- **YOUR OBJECTIVE**
Reproduce, exactly and only, the lines of the data that follows from the one containing "中国最先进水雷爆炸的视频,揭" down to the one containing "2023 Harley-Davidson Road", without pictures.

(Items from a data source)
┌──
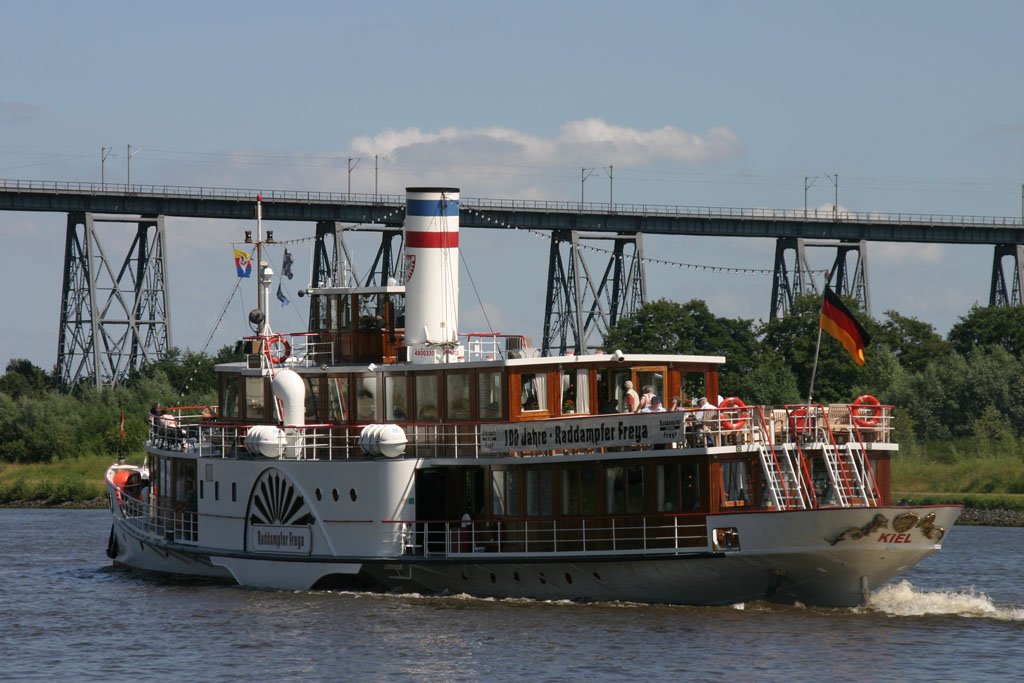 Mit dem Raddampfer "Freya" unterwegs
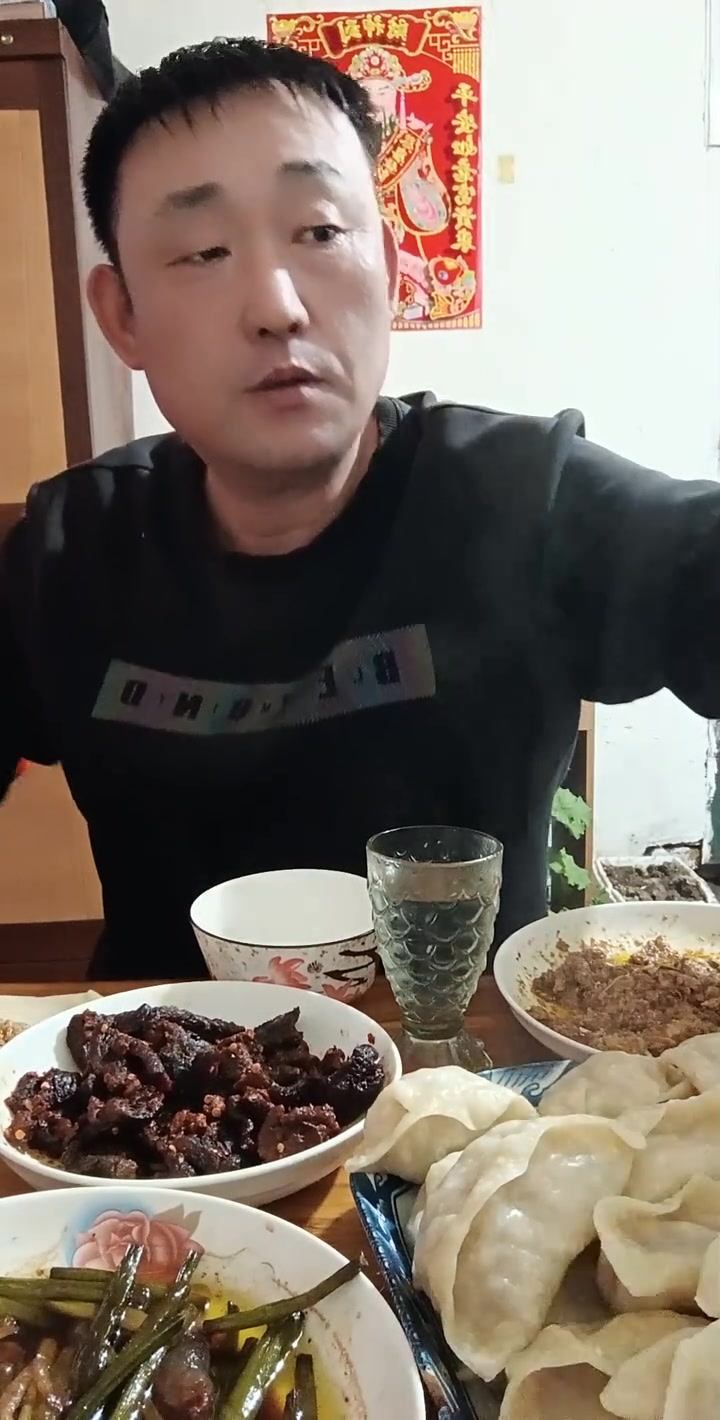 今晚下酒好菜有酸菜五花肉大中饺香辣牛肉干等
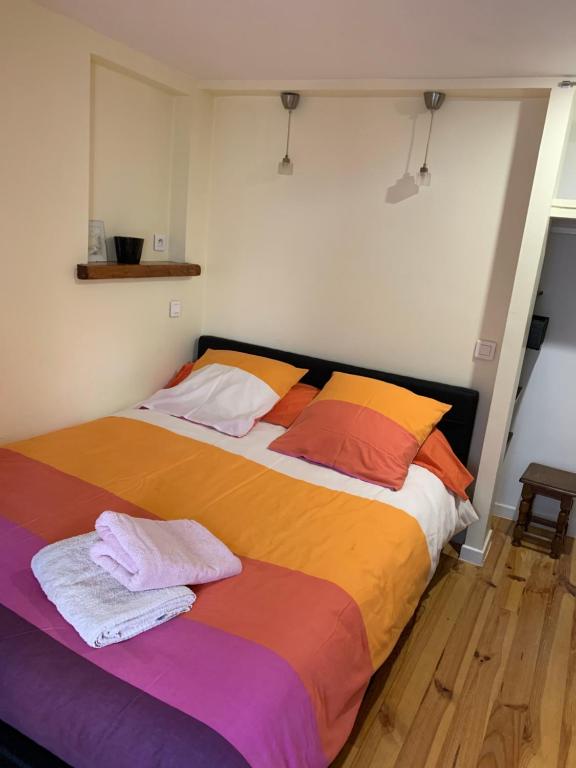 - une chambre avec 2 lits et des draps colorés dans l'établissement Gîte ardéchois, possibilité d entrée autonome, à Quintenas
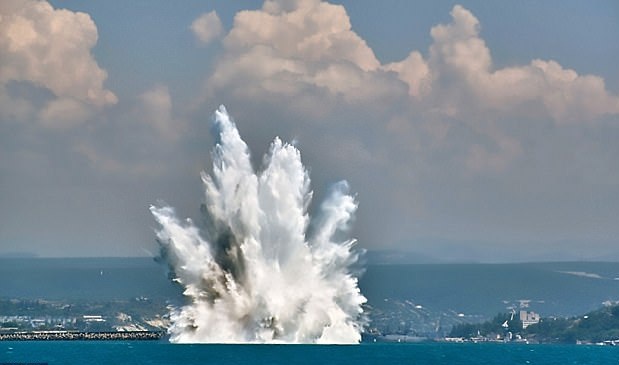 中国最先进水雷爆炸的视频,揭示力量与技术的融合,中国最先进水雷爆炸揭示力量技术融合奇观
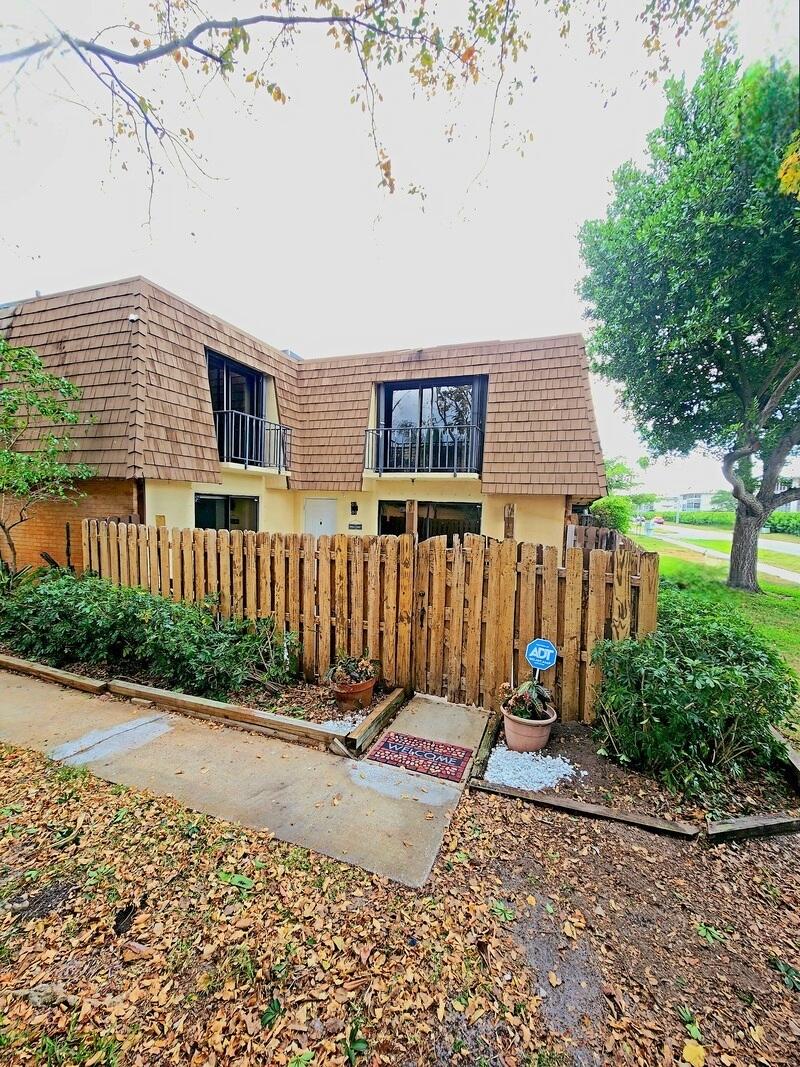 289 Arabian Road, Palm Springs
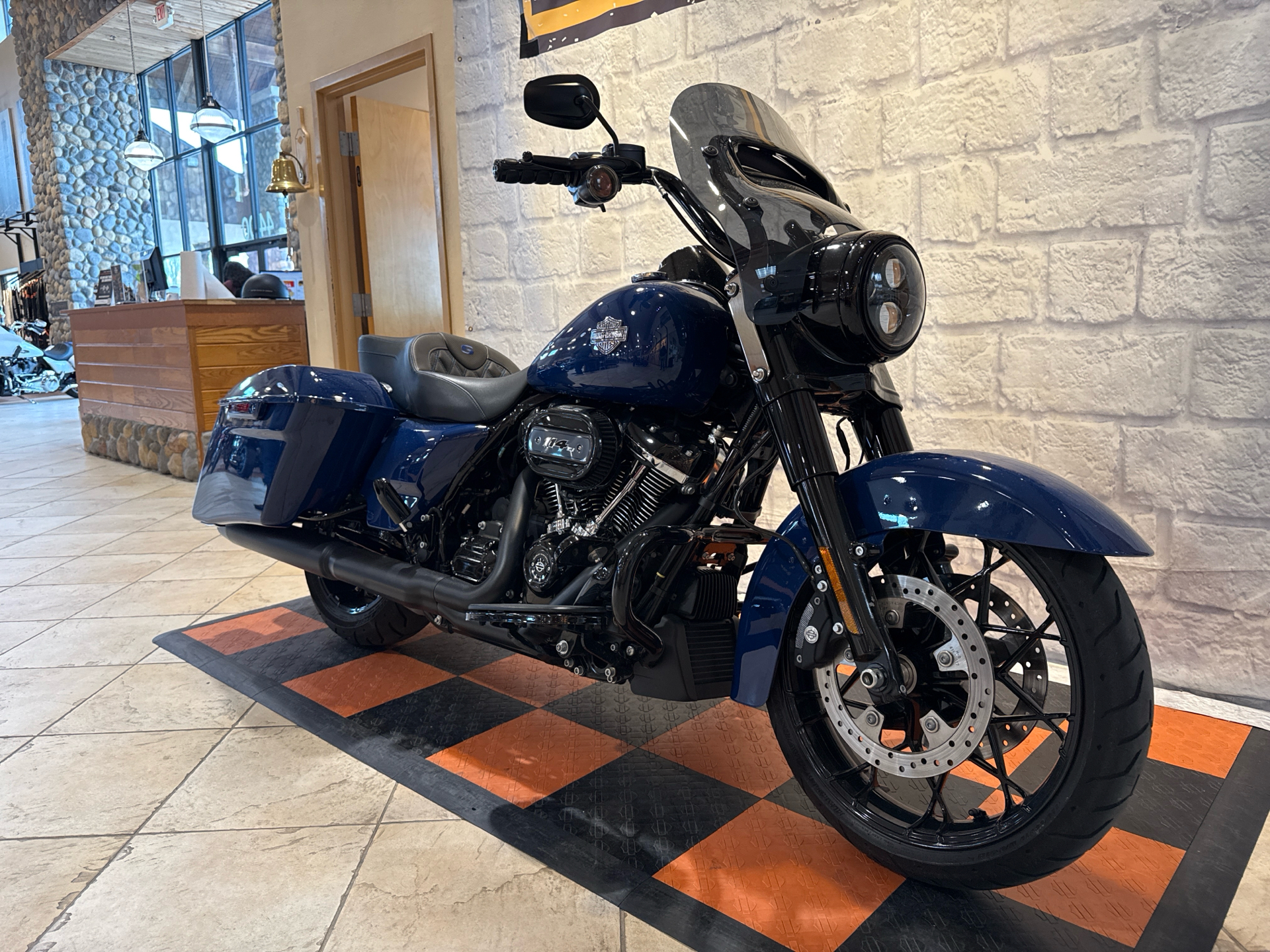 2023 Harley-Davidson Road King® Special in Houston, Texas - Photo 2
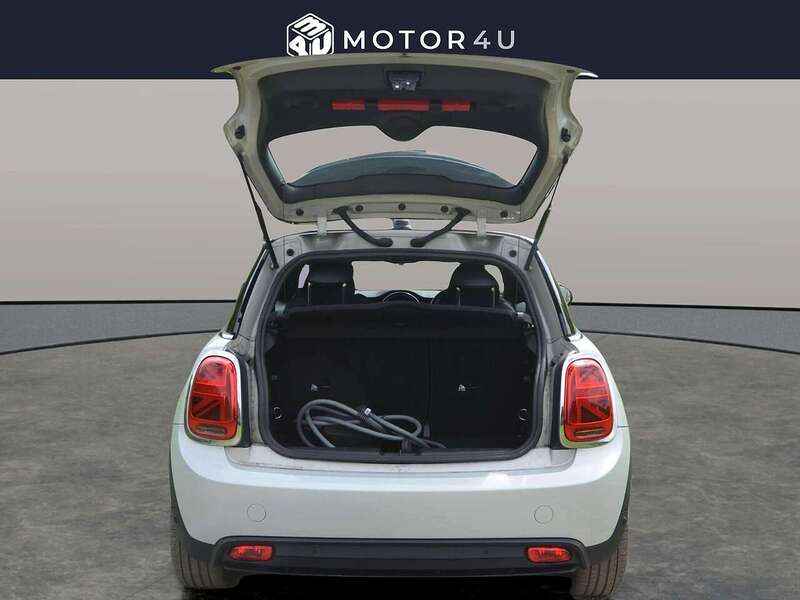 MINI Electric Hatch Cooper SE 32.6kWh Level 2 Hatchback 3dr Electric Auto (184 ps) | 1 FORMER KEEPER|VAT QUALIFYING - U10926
└──
- **RESULT FOR THIS EXERCISE**
 中国最先进水雷爆炸的视频,揭示力量与技术的融合,中国最先进水雷爆炸揭示力量技术融合奇观
 289 Arabian Road, Palm Springs
 2023 Harley-Davidson Road King® Special in Houston, Texas - Photo 2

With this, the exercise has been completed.